In the middle scape, the groundcover is called elatine tiandra. I use it in my tank and it really is a pretty plant.


----------



## K20A2 (Aug 12, 2006)

To the thread starter: You have quite an impressive tank. Its a six foot right? Thats a challenge I'd like to undertake one day, but probably not until my brother moves out and I can use his bedroom as a fishroom. 

I really like the wildness of the way things are planted, it gives it a good natural feel.



derekp said:


> In the middle scape, the ground cover is called elatine tiandra.

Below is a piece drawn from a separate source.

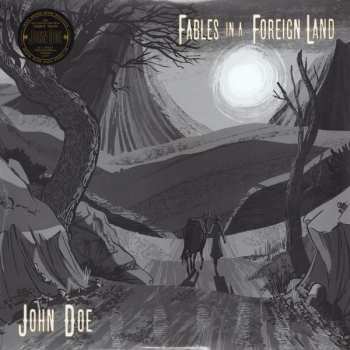 LP John Doe: Fables In A Foreign Land CLR 287645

I use it in my tank and it really is a pretty plant.


Are you talking about the bright green low growing stem plant in the tank that is split down the middle? That plant has a real nice look to it, I'm going to have to try to find some locally.


----------



## supersmirky (Oct 22, 2008)

Going more for the top tank you posted with a middle scape. I think it leaves more room for the fish to swim about and allows me to stuff more junk in my tank. haha.



K20A2 said:


> To the thread starter: You have quite an impressive tank. Its a six foot right? Thats a challenge I'd like to undertake one day, but probably not until my brother moves out and I can use his bedroom as a fishroom.
> 
> I really like the wildness of the way things are planted, it gives it a good natural feel.
> 
> Are you talking about the bright green low growing stem plant in the tank that is split down the middle? That plant has a real nice look to it, I'm going to have to try to find some locally.


Thank you. Yes, it's 6 foot but the challenge is that it is somewhat narrow. If there were enough space in my house, I think I too would have a fish room! ah...to dream. Anyways, it is somewhat wildly planted. When I first started, I was just lucky to not have stuff kill off and have to uproot it anyways. For the ease of not totally redoing everything, I mainly stuck new plants where I could fit them.


----------



## supersmirky (Oct 22, 2008)

I know it may be hard to see my small pic, but can anyone suggest a better backdrop plant to put behind the wood centerpiece? Right now, it's (i think) Ambulia and a little bit of Ludwigia Repens


----------



## dawntwister (Sep 29, 2007)

I think besides the Cobomba, Rotala Rotunda would stand up straight and leave you a good view of the wood.


----------